Pre-operative imaging was not discriminative, most likely because neoplasms of the appendix are relatively small and can have a variable radiological appearance [12]. Suspicion of complicated appendicitis on pre-operative imaging showed no tendency towards a higher incidence of a neoplasm. The cecal carcinomas were not identified on pre-operative CT imaging. The intra-operative presence of complicated appendicitis showed no relation to appendicular neoplasms. In only three patients, the intra-operative suspicion of malignancy was expressed and confirmed in histological evaluation. However, the study was not designed for malignancy recognition by the operating surgeon, and surgeons were not trained to assess the appendix for a neoplasm systematically.

A large variety of neoplasms can occur in the appendix, both benign and malignant. Murphy et al. published a useful classification system [5]. In our study, we used a simplified classification system, dealing with the most common malignancies. We divided neoplasms in grade 1 NET with a very good 5-year survival rate between 88 and 100% [13], goblet cell carcinoid with a 5-year survival rate between 18 and 86% [14], and (epithelial) adenocarcinomas with survival rates between 11 and 42% [14], as this may have clinical consequences for their respective adjuvant treatment.

In most malignant neoplasms, small low-grade neuroendocrine tumors at the tip of the appendix are diagnosed, generally with no clinical consequences [15]. However, patients suffering from larger and more poorly differentiated tumors may benefit from a right hemicolectomy as adjuvant treatment. The purpose of this colonic resection can be both therapeutic and prognostic, although remaining tumor or lymph node metastasis is seldom found.

Because of the rarity and lack of knowledge, there is variety in management among physicians and it is difficult to predict the value of additional surgery for the individual patient. In some cases, patients might receive unnecessary additional treatment and are exposed to the risks of a second surgery. Nowadays there are guidelines for (adjuvant) treatment of neuroendocrine tumors (NETs), but there is less consensus on more rare subtypes like goblet cell carcinoid [16].

In patients undergoing elective appendectomy after non surgically managed appendicular inflammatory mass or in patients with a pathologic appearing appendix on imaging, the incidence of neoplasms is much higher than in acute appendectomy [17, 18].

We showed in our study that a large variety of adjuvant treatment strategies were used for the various neoplasms, all patients were discussed in an institutional tumor board. The different treatment strategies may have been caused by different tumor boards and patient preferences. Only one patient (0.05%) had persistent malignant disease with nodal involvement in the additional right colectomy specimen, for which he was treated with adjuvant chemotherapy.
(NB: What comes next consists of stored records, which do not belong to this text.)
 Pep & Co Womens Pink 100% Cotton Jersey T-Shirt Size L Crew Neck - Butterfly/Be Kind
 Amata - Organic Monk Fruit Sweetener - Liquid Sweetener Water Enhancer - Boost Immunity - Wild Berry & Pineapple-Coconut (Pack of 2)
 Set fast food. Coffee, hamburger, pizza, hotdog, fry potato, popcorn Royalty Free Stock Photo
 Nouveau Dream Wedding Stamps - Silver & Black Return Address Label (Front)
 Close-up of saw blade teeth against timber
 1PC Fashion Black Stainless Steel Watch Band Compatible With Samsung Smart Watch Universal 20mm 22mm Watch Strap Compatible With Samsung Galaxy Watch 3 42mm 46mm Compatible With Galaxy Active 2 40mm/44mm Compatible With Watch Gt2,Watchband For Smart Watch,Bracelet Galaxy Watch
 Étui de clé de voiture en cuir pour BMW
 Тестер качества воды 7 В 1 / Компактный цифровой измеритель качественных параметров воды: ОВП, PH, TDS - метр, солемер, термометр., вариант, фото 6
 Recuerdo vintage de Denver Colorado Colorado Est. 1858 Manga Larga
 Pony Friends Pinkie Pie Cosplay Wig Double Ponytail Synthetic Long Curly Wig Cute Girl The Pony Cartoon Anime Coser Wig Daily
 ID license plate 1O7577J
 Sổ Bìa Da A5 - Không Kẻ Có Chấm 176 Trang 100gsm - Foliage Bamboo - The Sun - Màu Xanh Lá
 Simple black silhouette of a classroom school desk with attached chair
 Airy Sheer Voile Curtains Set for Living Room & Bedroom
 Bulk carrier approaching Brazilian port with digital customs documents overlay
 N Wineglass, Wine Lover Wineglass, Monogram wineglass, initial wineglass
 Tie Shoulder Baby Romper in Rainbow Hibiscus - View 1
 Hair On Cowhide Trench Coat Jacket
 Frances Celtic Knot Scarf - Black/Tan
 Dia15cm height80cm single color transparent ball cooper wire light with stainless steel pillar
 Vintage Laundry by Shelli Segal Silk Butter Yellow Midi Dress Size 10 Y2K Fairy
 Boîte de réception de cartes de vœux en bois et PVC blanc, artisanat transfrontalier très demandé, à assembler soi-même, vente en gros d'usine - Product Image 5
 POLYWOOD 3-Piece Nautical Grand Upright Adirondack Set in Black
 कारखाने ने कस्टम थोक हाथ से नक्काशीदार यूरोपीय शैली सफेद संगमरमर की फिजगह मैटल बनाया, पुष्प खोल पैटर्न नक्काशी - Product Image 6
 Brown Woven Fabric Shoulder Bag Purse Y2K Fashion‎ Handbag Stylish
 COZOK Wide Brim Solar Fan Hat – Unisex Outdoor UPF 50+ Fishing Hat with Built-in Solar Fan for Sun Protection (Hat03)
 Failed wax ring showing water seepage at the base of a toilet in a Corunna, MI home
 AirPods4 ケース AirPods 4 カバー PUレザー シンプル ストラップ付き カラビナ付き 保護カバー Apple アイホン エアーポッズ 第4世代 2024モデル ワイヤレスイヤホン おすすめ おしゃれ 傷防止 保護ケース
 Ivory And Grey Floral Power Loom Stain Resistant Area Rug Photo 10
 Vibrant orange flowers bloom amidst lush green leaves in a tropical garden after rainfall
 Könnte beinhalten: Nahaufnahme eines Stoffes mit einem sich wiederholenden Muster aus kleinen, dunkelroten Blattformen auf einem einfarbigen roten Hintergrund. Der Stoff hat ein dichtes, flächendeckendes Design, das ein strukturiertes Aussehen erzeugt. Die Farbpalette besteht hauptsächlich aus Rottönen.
Eight out of nine patients had an additional resection without extra tumor yield, consisting of the grade 1 NET and goblet cell carcinoid. Majority of these patients received complementary pre-operative imaging. Inevitably, all these patients were exposed to the morbidity and mortality risks of colonic resections. After 3 years of follow-up, no recurrent disease was found, and all patients were alive.

In this study population, the clinical consequences of pathologic examination of the appendix specimen seems low. However, eight patients had additional resection without any remaining tumor found in the specimen. These patients were put at risk for surgery without having the benefits of the additional resection.

We have not been able to show either pre- or intra-operative risk factors for appendicular neoplasms apart from increasing age. However, our study was not designed to prove specific risk factors and further research on this subject is imminent as more and more patients are non-operatively managed for suspicion of uncomplicated appendicitis. We suggest that operating surgeons should be trained in potential neoplasm recognition and after future studies one might refrain from histological evaluation in patients with uncomplicated appendicitis.